Let us now turn to the Idea of Couch in Rep. X, which represents the second occurrence of an Idea of an artefact. In this passage, Socrates and Glaucon agree to discuss the meaning of imitation. They opt for the customary method of defining the one that stands over and above a set of things that have the same name. ‘There are many couches and tables’, Socrates says, without providing any further justification for this quite spontaneous example. In 596B–C, Socrates introduces three kinds of couches: the couch that exists by nature, which is made by God himself, the couch made by the carpenter and the couch portrayed by a painter, which is created by the painter. The third couch is notoriously twice removed from the Couch itself, in that it is a likeness of a likeness. The couch produced by the carpenter is once removed from the couch made by God, but it still deserves the name of couch. The painter, by contrast, only produces imitations, because he reproduces things as they appear to us, and not as they really are. Socrates and Glaucon seem to agree that the carpenter produces the couch by drawing on the couch made by God and that God makes the ‘truly real couch’ (597D). The God is the real maker of the one true couch ‘and of everything else’ (597D). Plato thus introduces here the notion of the true couch, which is numerically one and which exists prior to the many couches that the many carpenters are capable of producing.

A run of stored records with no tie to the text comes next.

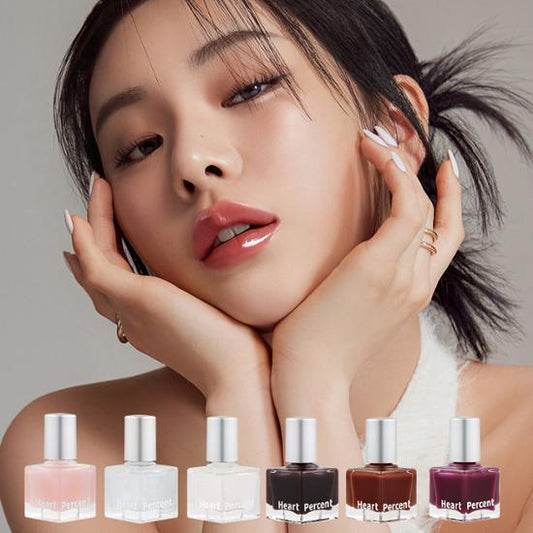 Heart Percent Dote On Mood Top Coating Lip Plumper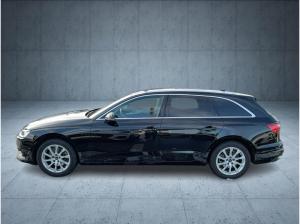 Audi A4 Avant 35 TFSI S tr. ACC AHK FLA 17 Virtual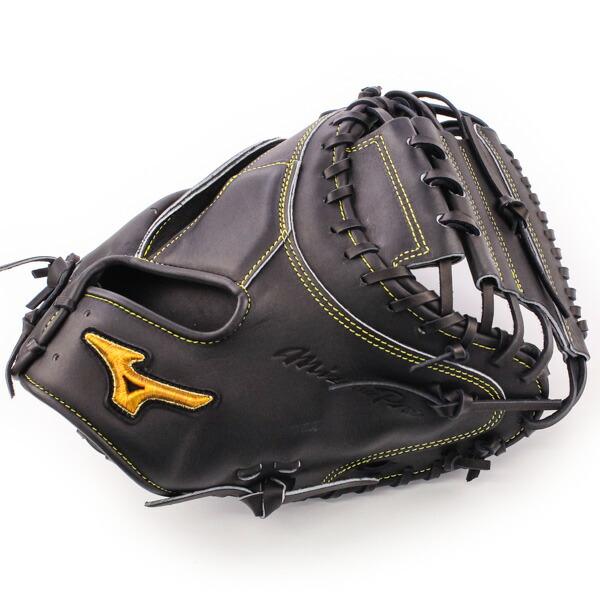 楽天市場】硬式キャッチャーミット / ミズノプロ キャッチャーミット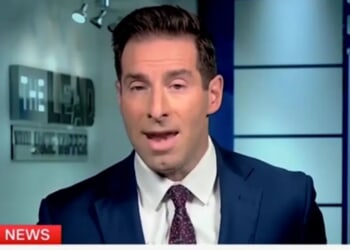 Elie Honig Says Trump May Have Handed Comey A Lifeline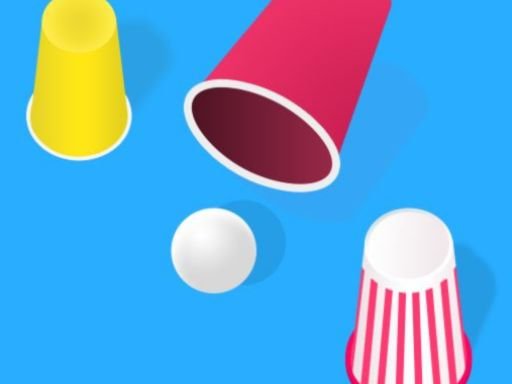 Hidden Ball Adventure Quest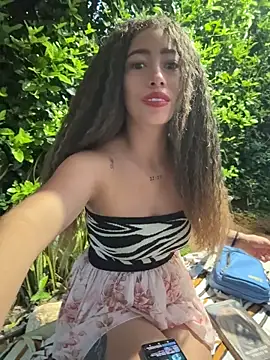 roxyrougee online show from 05-29-26, 10:46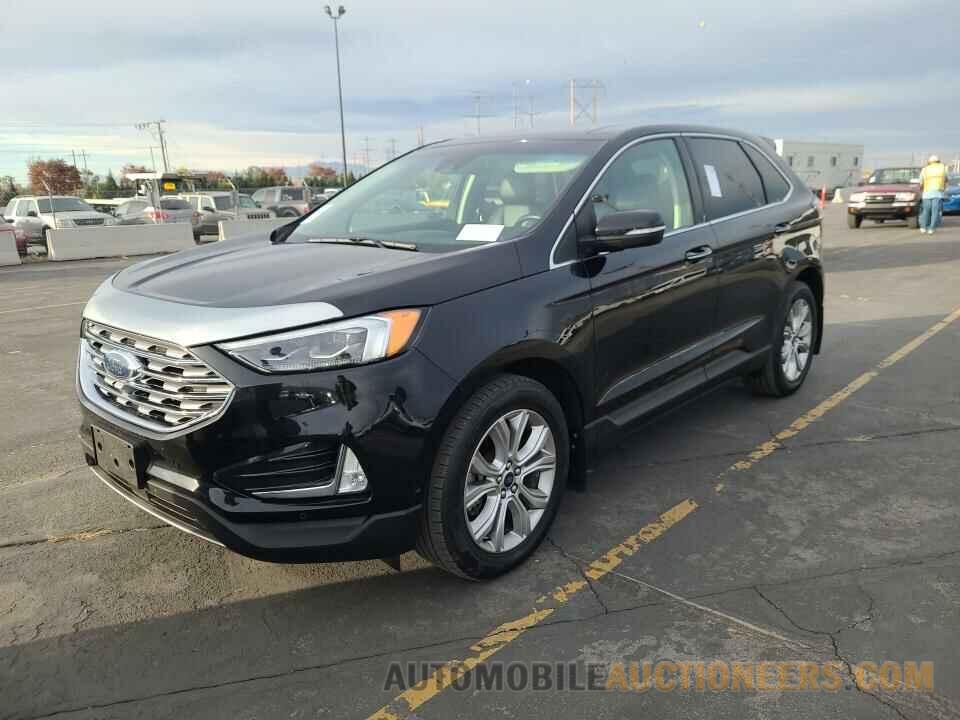 2FMPK4K91KBB42415 Ford Edge 2019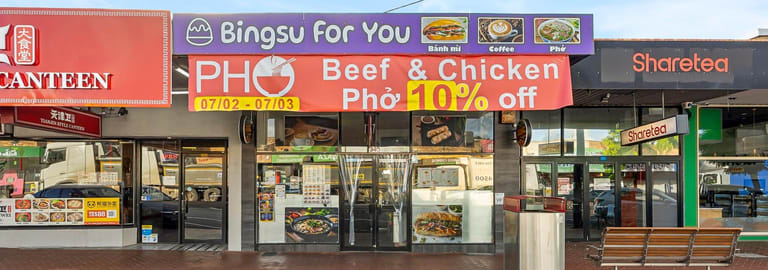 Shop & Retail commercial property for sale at 340 Clayton Road Clayton VIC 3168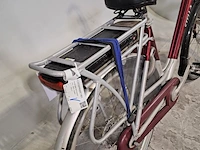 Elektrische damesfiets, stella, vicenza - afbeelding 8 van  20
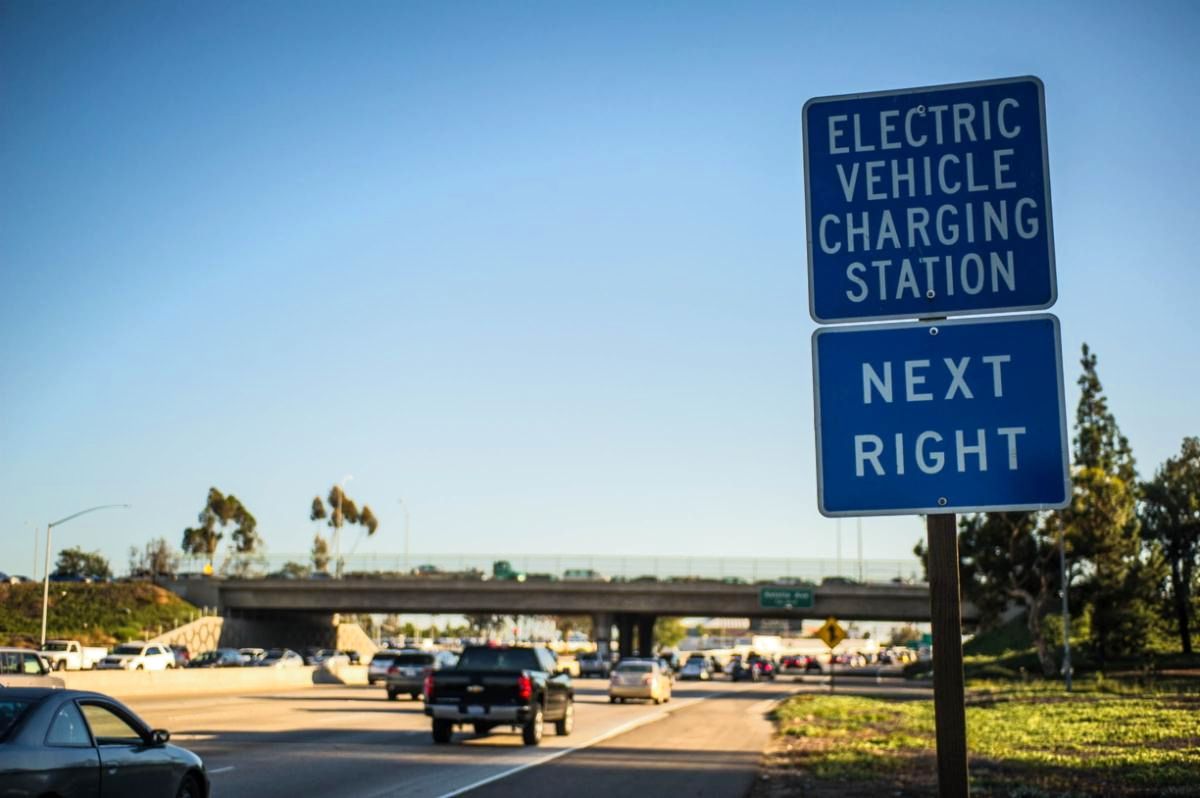 How Caltrans is working to push California towards a more sustainable transportation network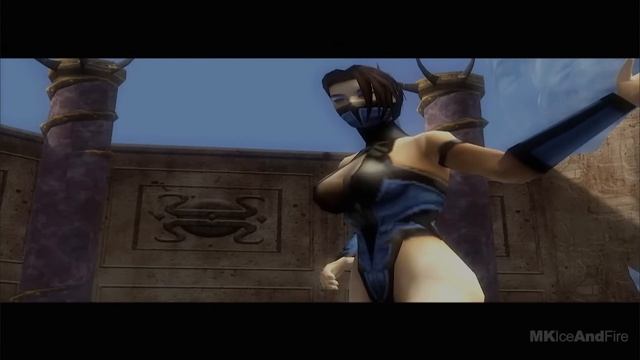 Что такое Mortal Kombat:Shaolin Monks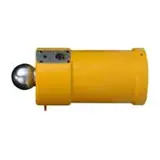 Plunger Tube 200-80 — Putzmeister 278902008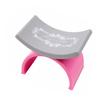 Manicure Arm Rest Exquisite Pattern Decorative Long Lasting Great Nail Wrist Cushion Gadget for Salon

Whether forms are being posited depends on just how the ‘customary method’ (Armstrong 1978) or ‘regular practice’ (Reference Sedley, Chiaradonna and GalluzzoSedley 2013) advocated in Rep. X 596A is understood. This method consists in positing a form corresponding to a set of things with the same name. Sedley argues that the sameness of the name does not concern the plurality of items taken on their own, but rather relates these items to the form. That said, the claim is not that for any set of things with the same name one can posit a form, but rather that the particulars are named after the form. In other words, ‘Socrates is not asserting the principle of one form per plurality, just the more modest principle of one plurality per form’ (Reference Sedley, Chiaradonna and GalluzzoSedley 2013, 128). If this is true, there are important consequences for Plato’s ontology of artefacts. The Three Couches Argument would establish, first and foremost, that there is precisely one Idea of Couch.Footnote 6 Corresponding to the unitary Idea of Couch we find a plurality of couches (i.e. the couches made by human artisans). Again, it is not so much the case that for any set of things that are all called ‘couch’ one can posit a corresponding Idea of Couch, but rather that the particular couches are named after the Idea of Couch. If this is the case, Plato would be providing a strong defence of the existence of Ideas of artefacts. Furthermore, not only is there an Idea of Couch standing over a plurality of things called ‘couches’ but also, in making couches, human artisans look to this form.

Nonetheless, there are several reasons for thinking that this is not sufficient to justify ascribing to Plato a belief in the existence of Ideas of artefacts. One could say that the aim of Book X of the Republic is to assess the kind of poetry permitted in the Kallipolis and that the question of the extent of the eidetic cosmos is in no way a concern. More generally, however, one could point to the apparent inconsistencies with other Platonic dialogues. Indeed, if the God of the Republic is the Demiurge of the Timaeus, the two theories are different and incompatible. In the Timaeus, the Demiurge is not the cause of the existence of Ideas, which are given. Instead, he looks to the Ideas in order to create the cosmos. In the Republic, the God himself creates the one true form of Couch – he is the only artisan capable of making the form itself – while the other artisans create a plurality of particular couches by looking at the couch created by the God. In describing the God, Socrates adds that ‘this same artisan is able to make, not only all kinds of furniture, but all plants that grow from the earth, all animals (including himself), the earth itself, the heavens, the gods, all the things in the heavens and in Hades beneath the earth’ (596C–D). The concept of a God creating both natural and artificial beings raises concerns about the consistency of the Platonic position on artefacts, if we compare it with both the Timaeus and Socrates’ doubts in the Parmenides. As regards the Timaeus, although in this dialogue too the Demiurge creates the entire cosmos, there is no evidence that he creates artificial beings. In fact, artefacts are not even mentioned at all. As regards the Parmenides, if God creates Ideas of artefacts, as well as Ideas of all living beings, either the doubts of the young Socrates about the existence of Ideas of animals are incomprehensible or the passage from the Cratylus does not, in fact, imply the existence of such Ideas. Either way, within the Platonic oeuvre there are inconsistencies regarding Ideas of artefacts and their ontological status. Perhaps it is precisely these inconsistencies and difficulties that lie at the core of Aristotle’s enterprise.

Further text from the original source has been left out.